As I write this the Arctic Sunrise, one of Greenpeace’s ships, is sailing south.
For the next three months its crew will be working alongside a team of campaigners, photographers, film-makers, scientists and journalists from across the globe to build the case for the world’s largest protected area: an Antarctic Ocean Sanctuary.
The Antarctic is home to an abundance of wildlife. Whales, penguins and colossal squid are just a few of the many animals that call it home. And it’s not just important to animals – the health of our oceans sustains our planet, and provides billions of people with their livelihoods. But threats from overfishing, plastic pollution and climate change mean we urgently need a network of sanctuaries across the world to keep our oceans healthy.
And this year, we have the chance to create the world’s largest sanctuary. Which is why we’re taking to the seas.
From exploring previously unseen parts of the seabed, to documenting the impact of climate change and the fishing industry on penguin colonies, this promises to be a journey like no other. We’ll be bringing the charismatic wildlife of the Antarctic closer to you than ever before and introduce you to the passionate scientists spending their lives trying to protect it. Because this year, we need you to join them.

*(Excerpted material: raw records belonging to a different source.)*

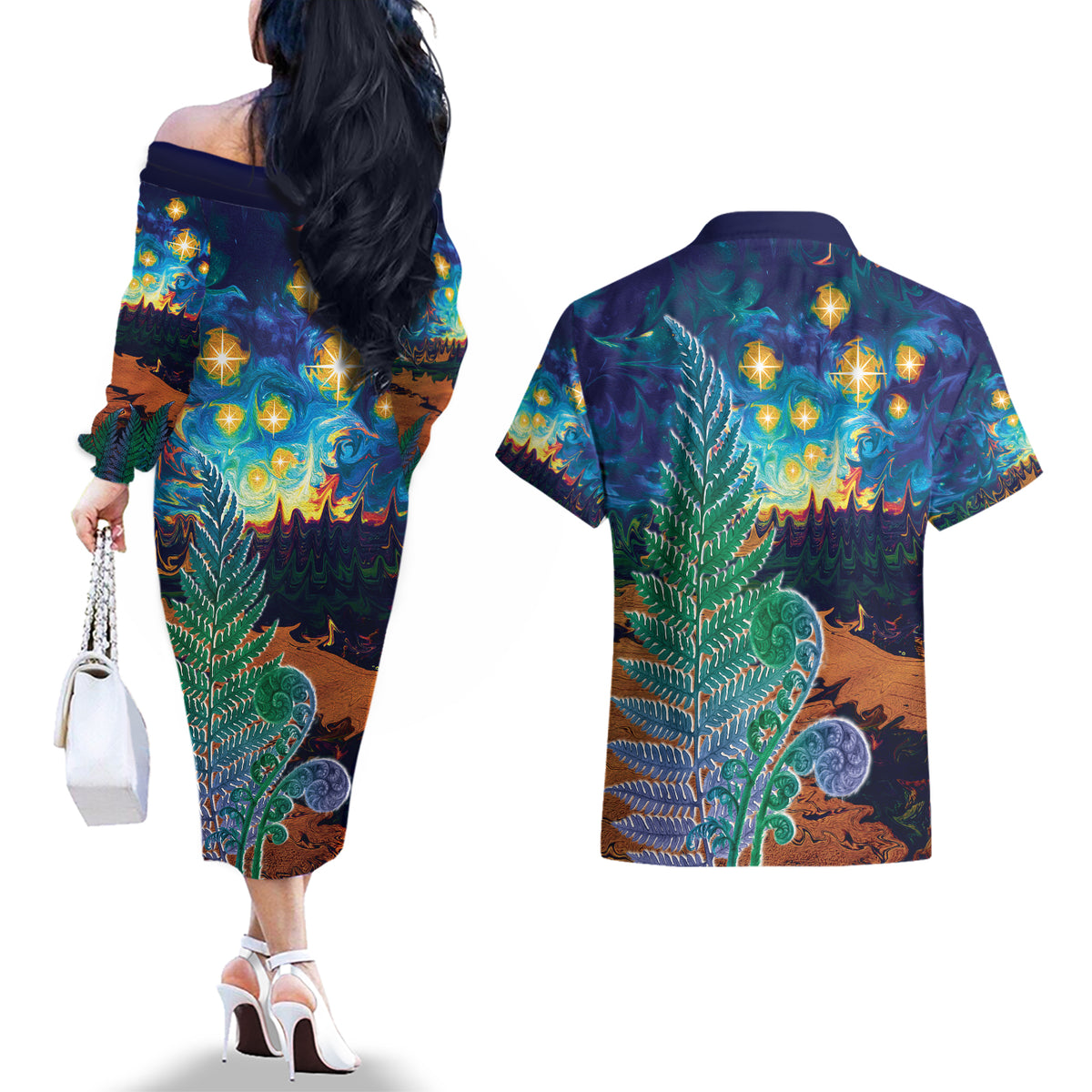 Personalised New Zealand Matariki Art Star Couples Matching Off The Shoulder Long Sleeve Dress and Hawaiian Shirt Koru Fern Night Starry Sky LT9 - Polynesian Pride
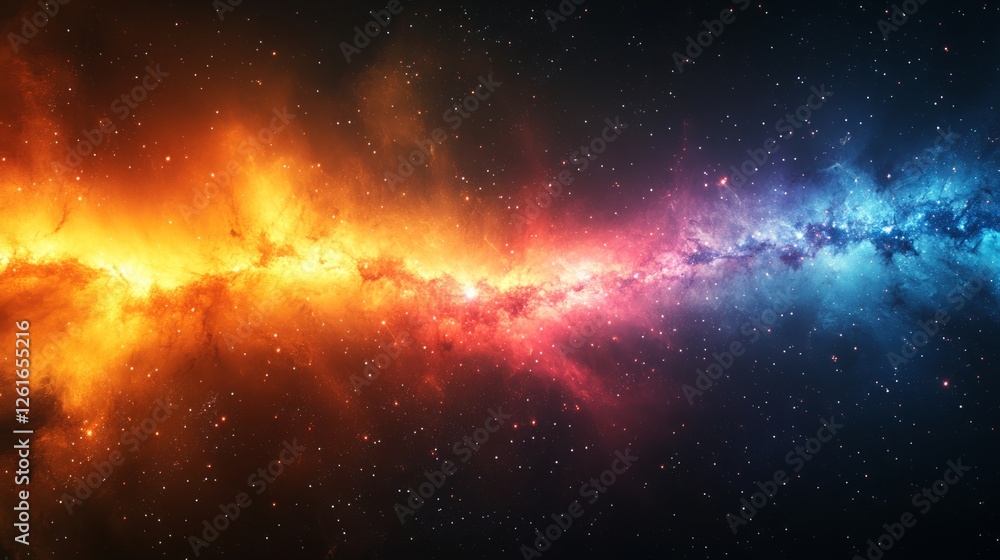 Fototapeta premium A beam of light divides into vibrant dimensions, symbolizing the mysteries of quantum exploration.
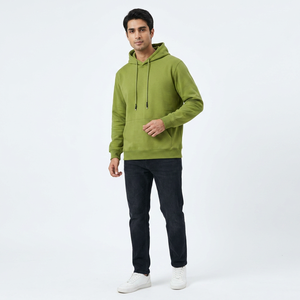 Custom Oversized OEM Men's Winter Hoodie 480 GSM 100% Cotton Zipper-Up Quick Dry Breathable Puff Printed Front Logo - Product Image 1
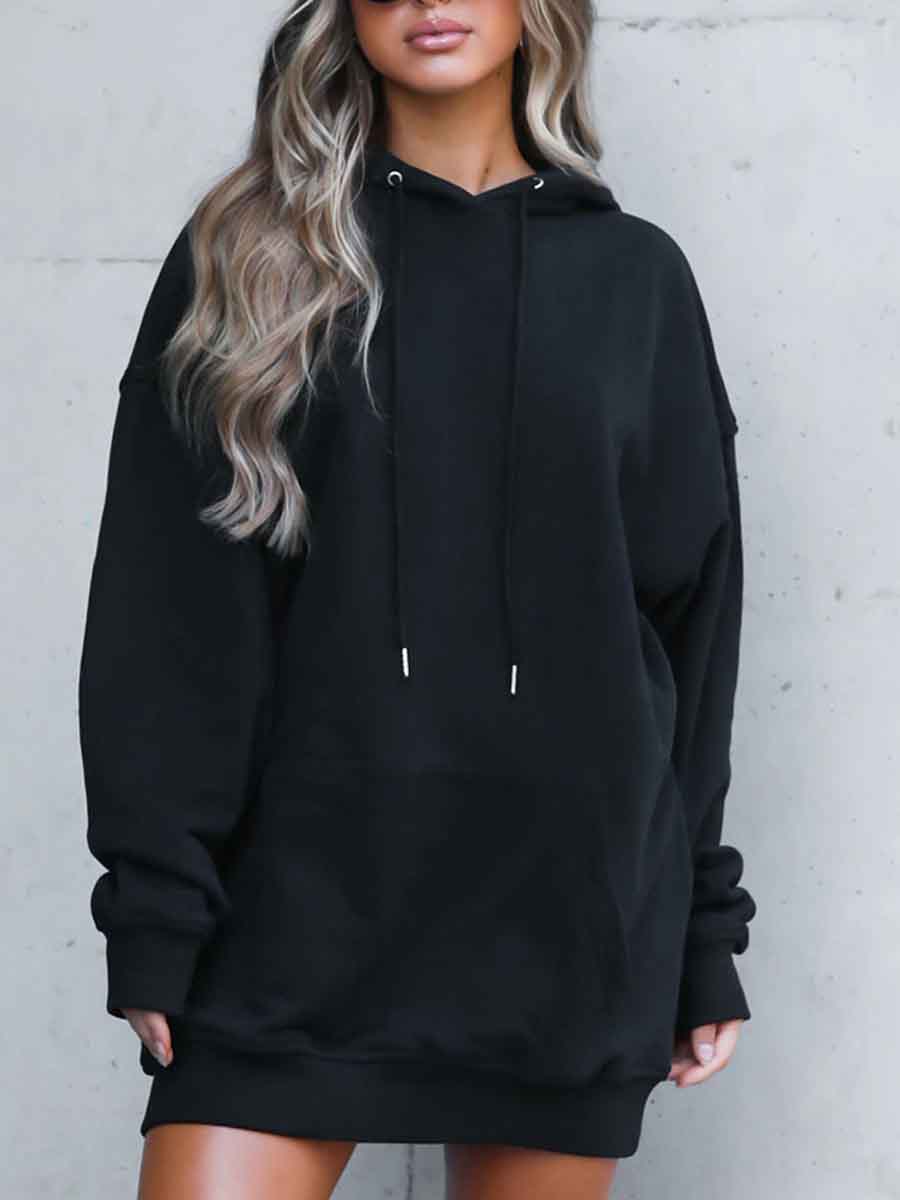 

Lovely Casual Hooded Collar Basic Loose Black Mini Dress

Time is ticking to protect the Antarctic
I think it’s fair to say most of us work well to a deadline. Something about having a due date helps focus the mind and gets the creative juices going. Well, we have a new deadline: October 2018.
In just over nine months’ time the Tasmania-based Antarctic Ocean Commission meets to discuss whether or not to make history and create the world’s largest protected area. We have until then to convince the members of this Commission to put aside their differences and create a safe haven for emperor penguins, blue whales, colossal squid and many other Antarctic animals.
We have nine months to show leaders across the world how important it is to protect the ocean at a larger scale than ever before – for the wildlife that calls it home, for the sake of preventing the worst impacts of climate change and for the livelihoods of more than half of the planet, who depend on the ocean for their food.
The case for protecting our oceans has never been stronger, with new science emerging every day about how healthy oceans are vital for our future.
There are leaders representing 24 countries, including Australia, and the EU meeting to make this decision. So in the coming months we’ll be sending them a clear message: the journey to protect our blue planet begins in the Antarctic.
Help make history
It might be just a small team heading south, but you can make it one of millions. You can help amplify our voice and persuade politicians across the globe to work together for the oceans.
As we work with scientists to discover new habitats on the Antarctic seabed, as we bear witness to the fishing boats competing against penguins and whales for the krill they feed on – it is your support that is going to be what makes politicians listen.
As the Arctic Sunrise set sail, I’ll be the first to admit it was a little daunting – not just the prospect of three months sailing in one of the wildest parts of the planet, but also the challenge of getting so many governments to agree with each other!
We’re aiming high because we have to – from the smallest creatures on earth to the largest, we need healthy oceans for the future of life on earth. Right now we have the opportunity to protect an area of the Antarctic Ocean that is six times the size of Italy. We need to do everything we can to seize it.